As juvenile crime rates skyrocketed, editors have had to decide whether they were avoiding their responsibility to tell all the news, and whether the policy of secrecy has been one of the causes of the increase in juvenile crime.
Pressure to name names has mounted with the statistics: juvenile crime leaped by 70% from 1948 to 1955, while the U.S. juvenile population grew only 16%. Some areas show even more frightening figures. Latest New York City statistics show that 41.2% of arrests for all major crime involve offenders under 21. In Detroit police estimate that 70% to 80% of all car thefts are committed by juveniles.
"People Should Know." In New York editors and publishers are demanding a change in the state's new Youth Court Act, now scheduled to take effect in 1957, which would empower judges to impose secrecy on criminal cases involving youths. In Tennessee newspapers are also fighting a law that shields the identity of juvenile offenders. In Illinois, Colorado, Massachusetts and Florida, editors often defy the law to give their readers the full story of a particularly serious juvenile crime.
What the editors seek is not the right to run the names of all youthful violators, but freedom to use their judgment on what names to print. Many of them also feel that names should be used more often to put pressure on the offenders and their parents. Says the Miami Herald's Associate Editor John D. Pennekamp: "Juvenile criminals are as bad as adult criminals--or worse. Maybe if they see it in the papers, the juveniles will believe it themselves." The strict Florida law preventing courts and police from divulging juvenile names recently led a young hoodlum to jeer at Miami Daily News Reporter Damon Runyon Jr.: "You can't write about us; we know what the law says."

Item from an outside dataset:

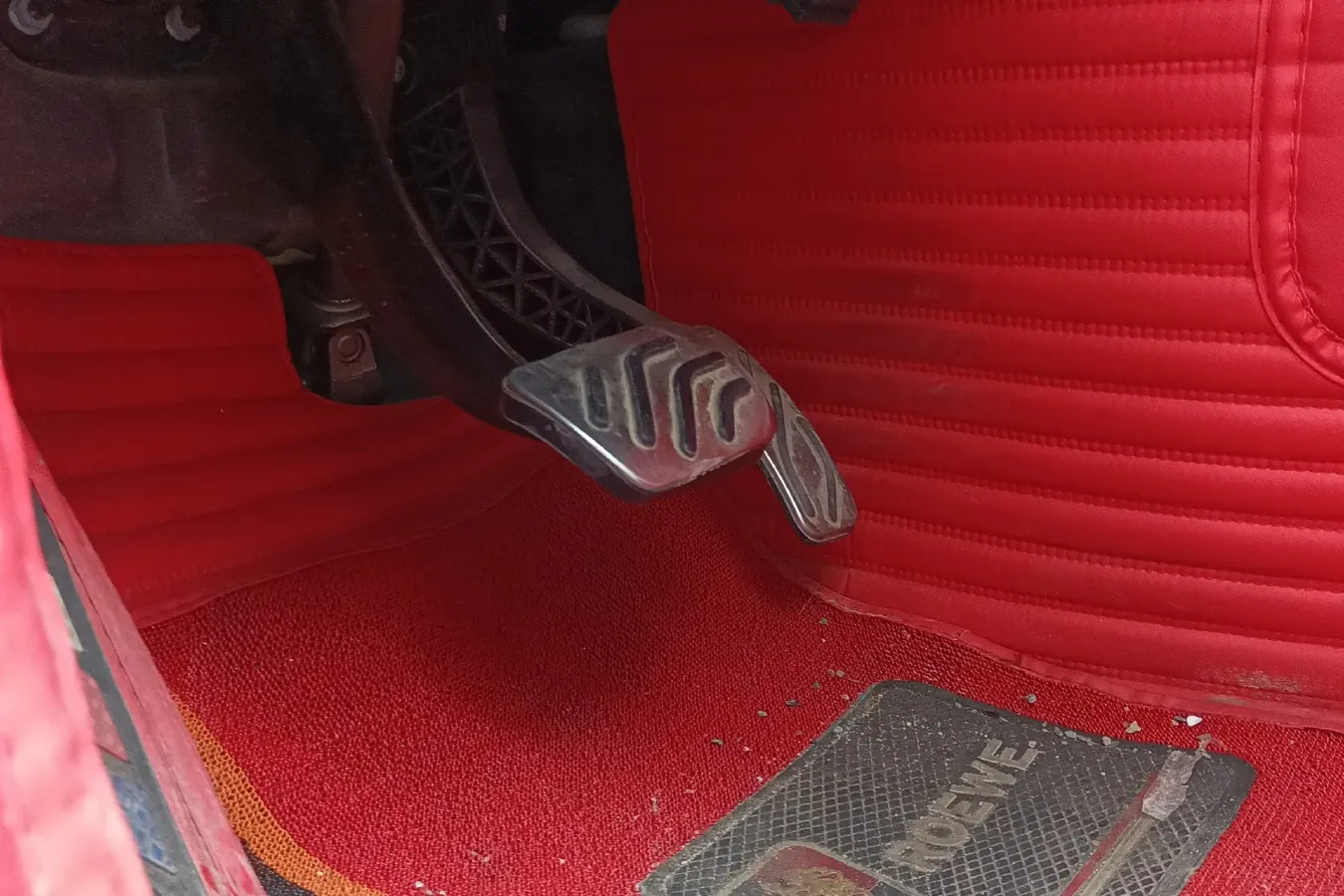 2016 Roewe RX5 1.5T 169HP L4 7DCT,autocango,china used car exporter,china ev exporter,chinese used car exporter,chinese used ev exporter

Naming Parents. One of the strongest advocates of a tougher policy is Publisher Richard H. Amberg of the St. Louis Globe-Democrat. Until last December, his paper (circ. 300,375) was as careful as the Post-Dispatch (402,439) not to identify delinquents. Then three 16-year-old boys raped a 14-year-old girl. Amberg not only ran their names but wrote an editorial saying: "We feel that if somebody is old enough to rape a girl, he is old enough to get his name in the paper."

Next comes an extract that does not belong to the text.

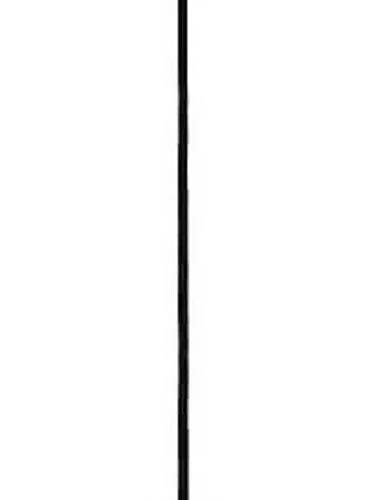SUSPENSION GIPSY SUSPENSION GIPSY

Like Editor Amberg, some news executives now even run names of parents of juvenile criminals, plus their occupations and marital status, to illustrate their belief that teen-age crime is not necessarily a product of broken homes or economic distress but reflects a widespread breakdown of moral values in the U.S.
Delinquents with Scrapbooks. On the other hand, many authorities--and some editors--agree that publicity makes the job of rehabilitation harder, that it may actually be an incentive to crime. Says Captain Robert Summers of the Los Angeles County Sheriff's Office: "It glorifies them in the eyes of gangs. Using their names does nothing but give them status." Some delinquents even display scrapbooks with clippings about their misdeeds.

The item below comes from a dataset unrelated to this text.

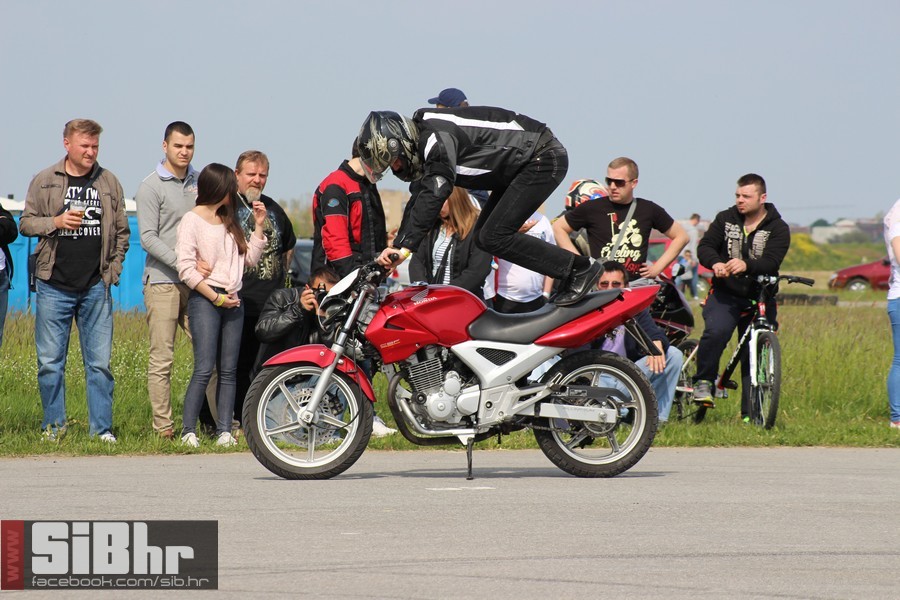 moto_zoran_osijek_2014_79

While recognizing the complexity of the dilemma, many responsible editors look at the rising juvenile crime rate and wonder whether the traditional policy of secrecy is still valid. They agree with Brooklyn's Adult Court Judge Samuel Leibowitz, once Manhattan's most famed criminal lawyer, who says: "Whatever happens in the courts is public property, and the public should know what the judge's actions have been. We can trust the good judgment of the press."